# Activity:
Beginning with the line that includes "家族一人ひとりの大切なプライ" and ending with the last line of the entries below, set down each line exactly; include no pictures.

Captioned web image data
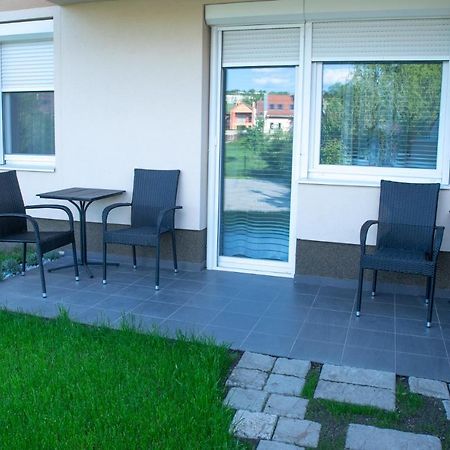 Pisztacia Apartman Leilighet Eger Eksteriør bilde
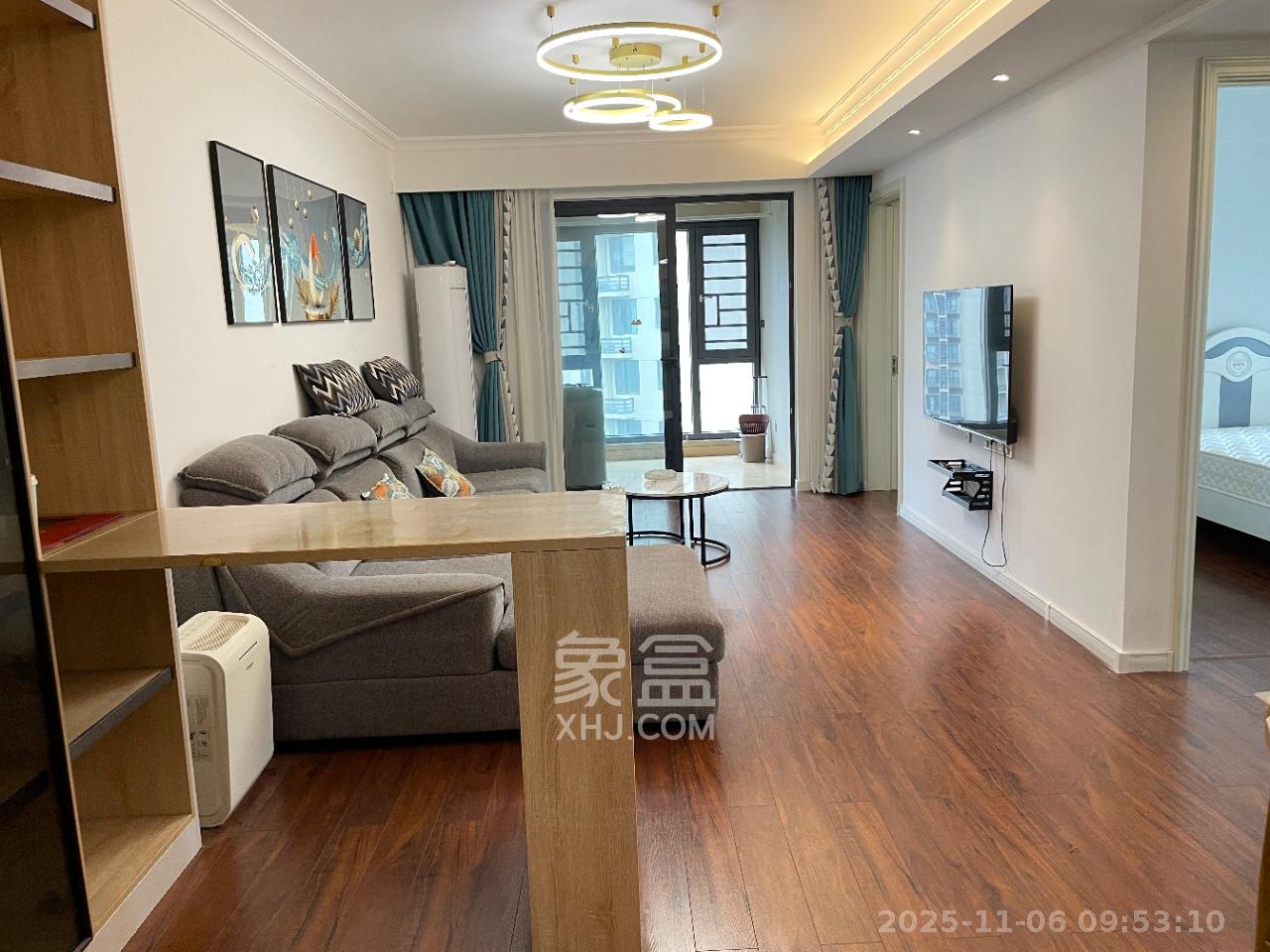 万科魅力之城锋镜里 3室1厅1卫 2800.0元/月 万科魅力之城锋镜里 3室1厅1卫 2800.0元/月室内图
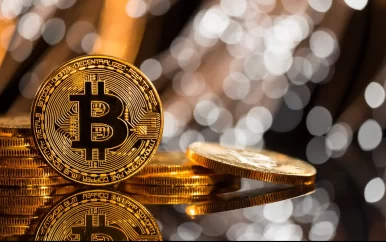 Bitcoin stijgt naar nieuwe piek: hoogste waarde in anderhalf jaar tijd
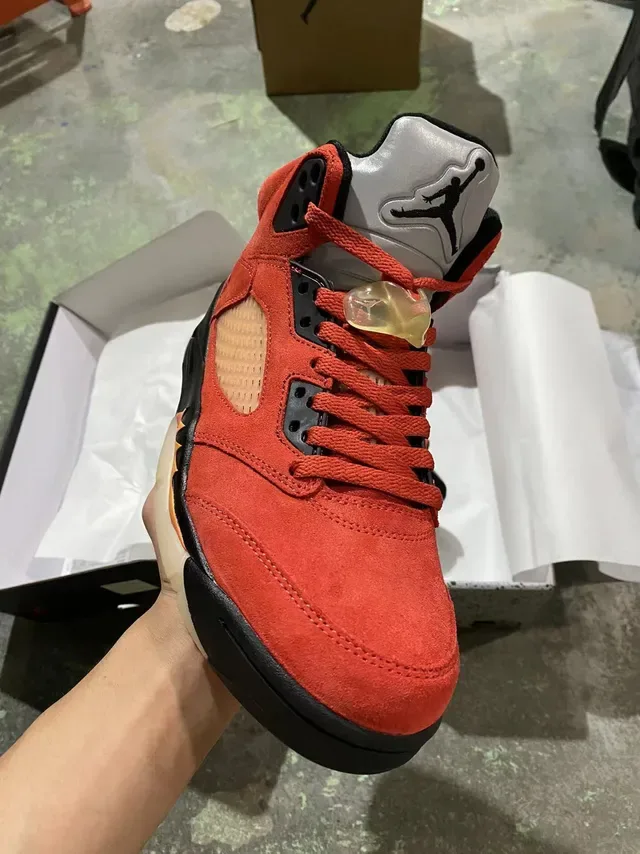 Air Jordan 5 Red Black Flame Chaussures de basketball 2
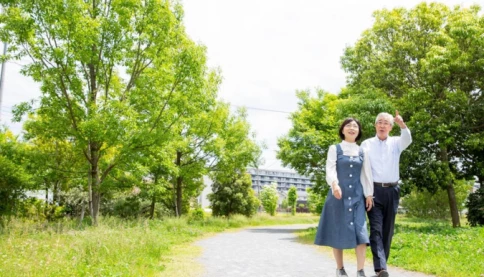 Những điều nhỏ nhặt khó thể hòa hợp chồng già vợ trẻ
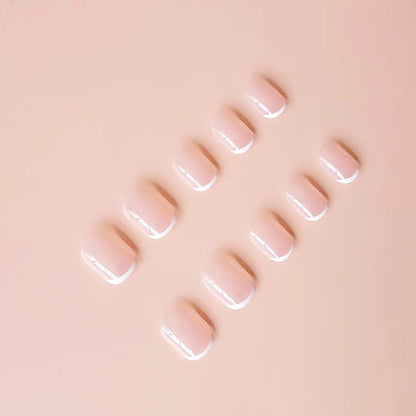 Nagelkunstset mit elegantem French Design Brehn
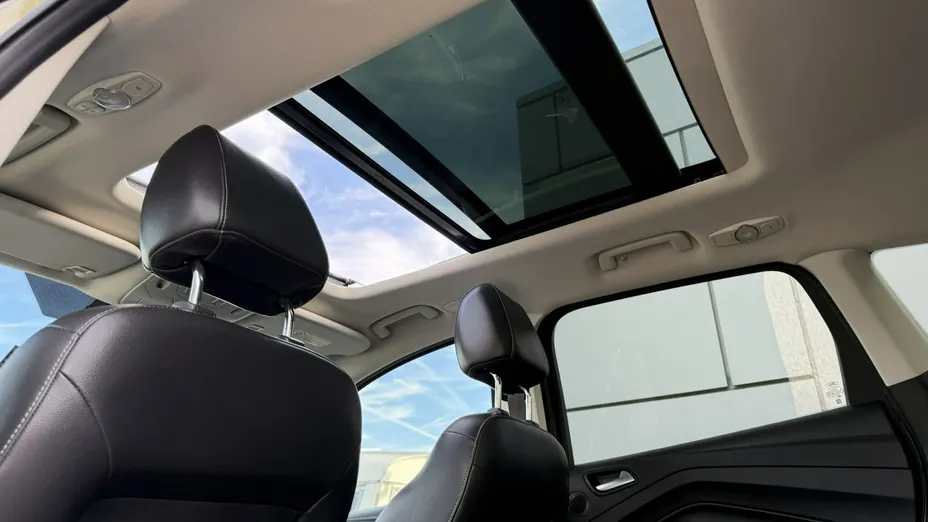 FORD Kuga -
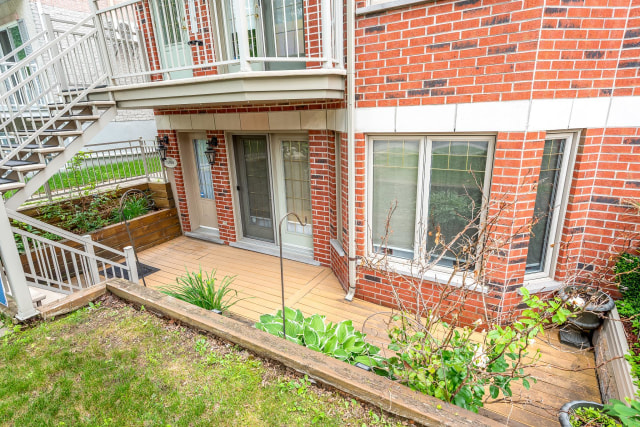 Terrasse — 15858, Rue Victoria, Montréal (Rivière-des-Prairies/Pointe-aux-Trembles), H1A0A9, Montréal (Rivière-des-Prairies/Pointe-aux-Trembles)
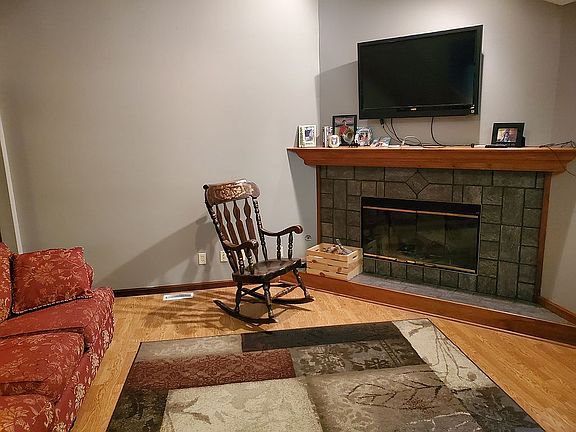 3rd image of 7564 Anchor Ln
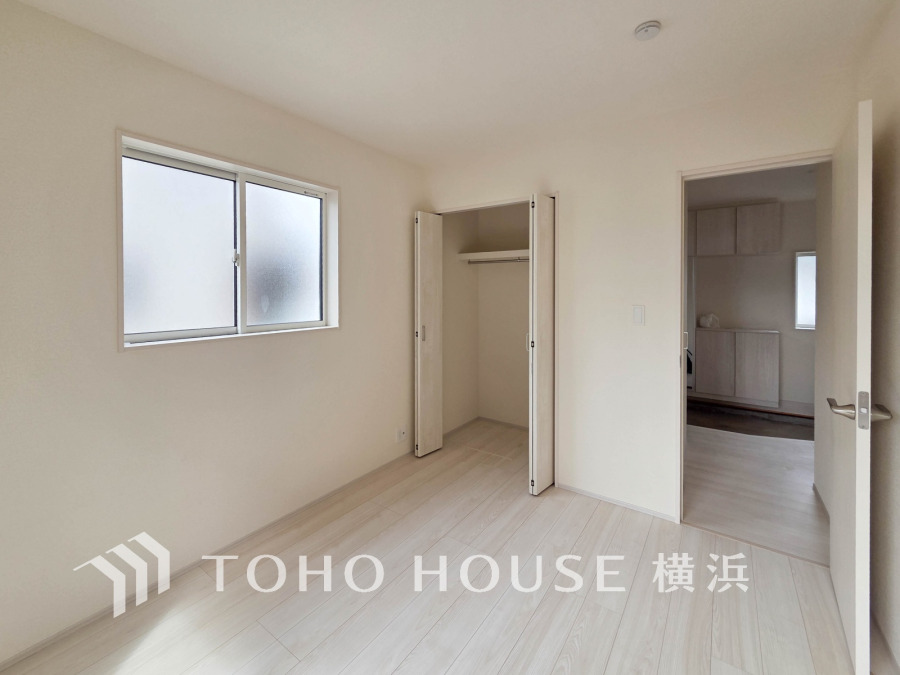 家族一人ひとりの大切なプライベート空間。趣味・感性で個性的に飾って頂けるようシンプルに仕上げてあります。 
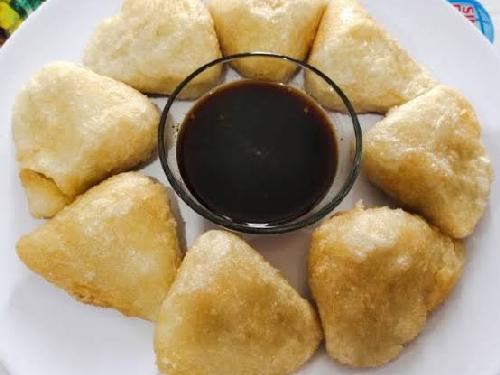 PEMPEK PALEMBANG DAN SEBLAK SARIRASA, Kelurahan Pinggirsari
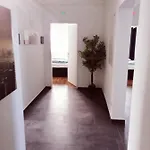 Ost I Free Parking I Self Check-in Мотель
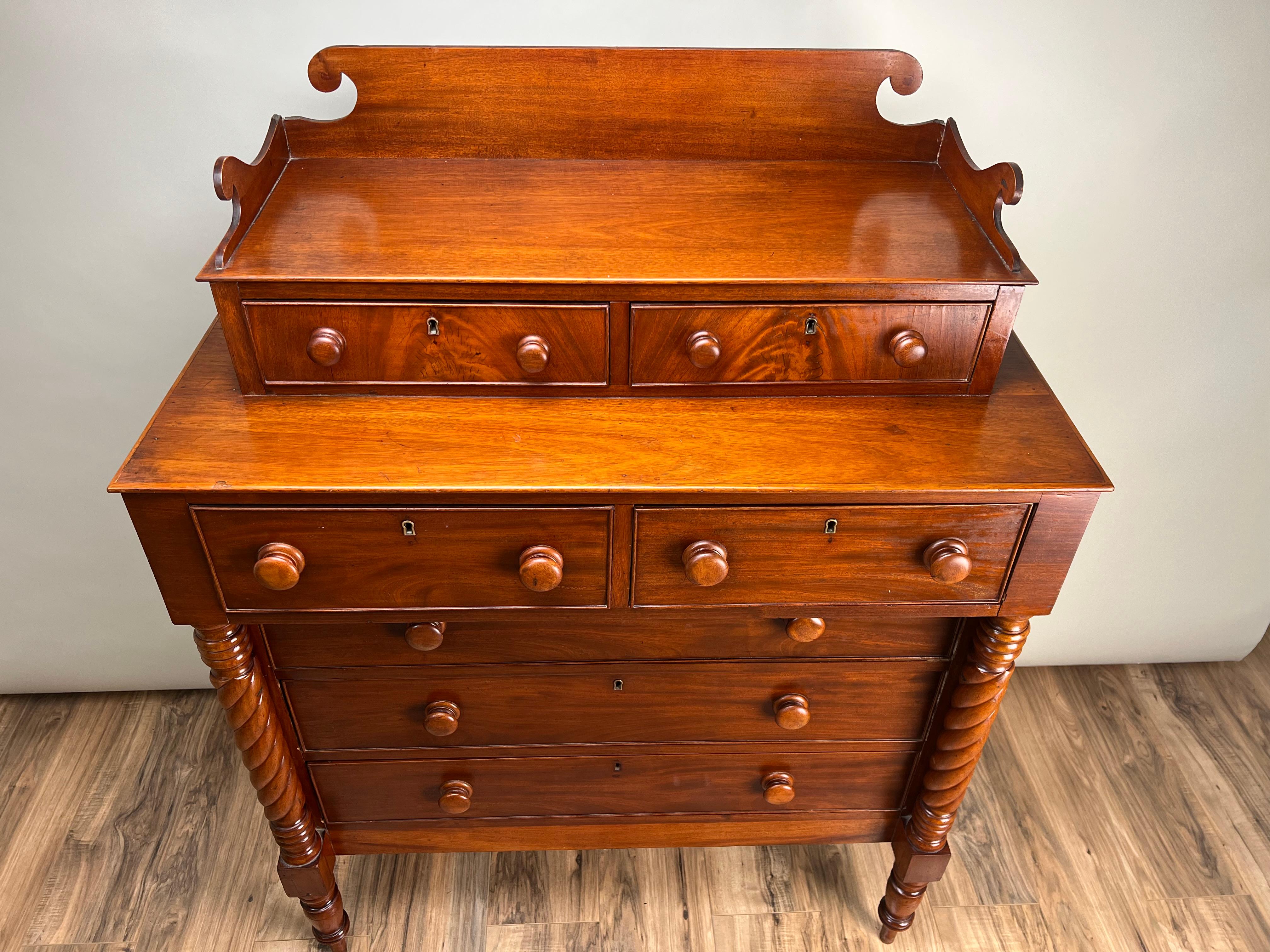 Early 19th Century Antique Federal Period Mahogany Sheraton Deck Top Chest of Drawers c. 1820 For Sale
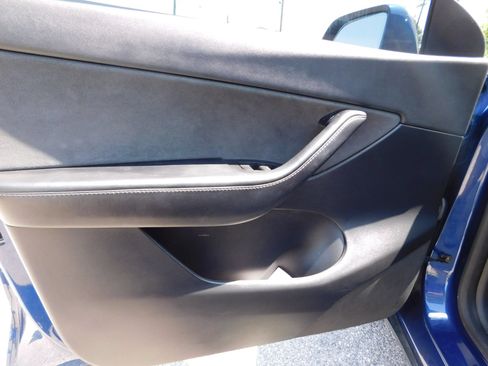 Used 2021 Tesla Model Y Long Range AWD/4WD image 14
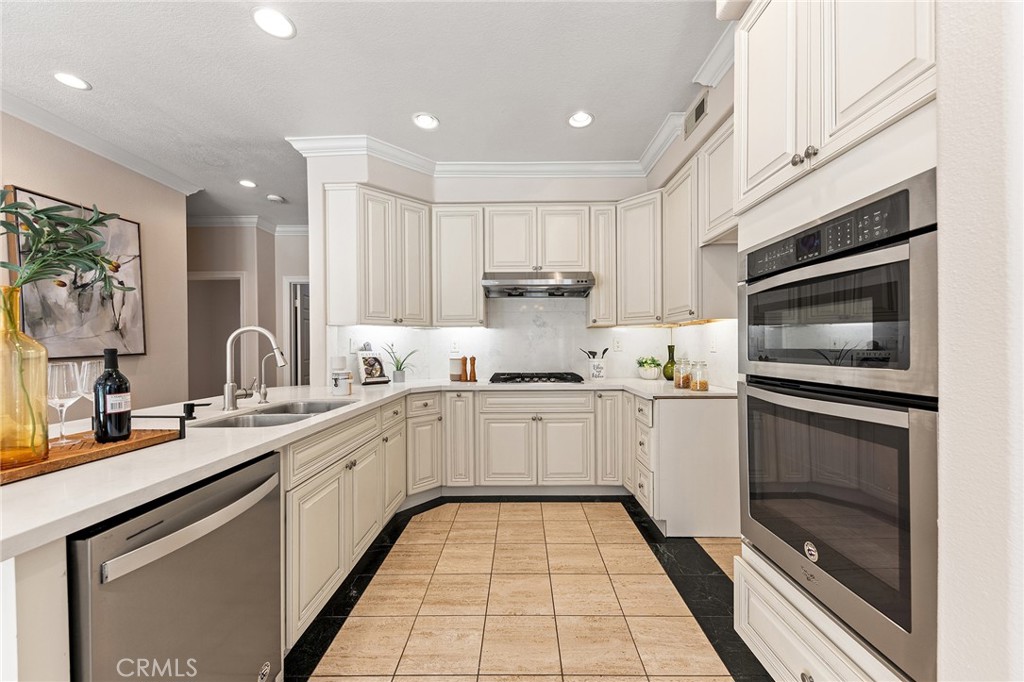 2460 Valley View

# Written answer:
 家族一人ひとりの大切なプライベート空間。趣味・感性で個性的に飾って頂けるようシンプルに仕上げてあります。 
 PEMPEK PALEMBANG DAN SEBLAK SARIRASA, Kelurahan Pinggirsari
 Ost I Free Parking I Self Check-in Мотель
 Early 19th Century Antique Federal Period Mahogany Sheraton Deck Top Chest of Drawers c. 1820 For Sale
 Used 2021 Tesla Model Y Long Range AWD/4WD image 14
 2460 Valley View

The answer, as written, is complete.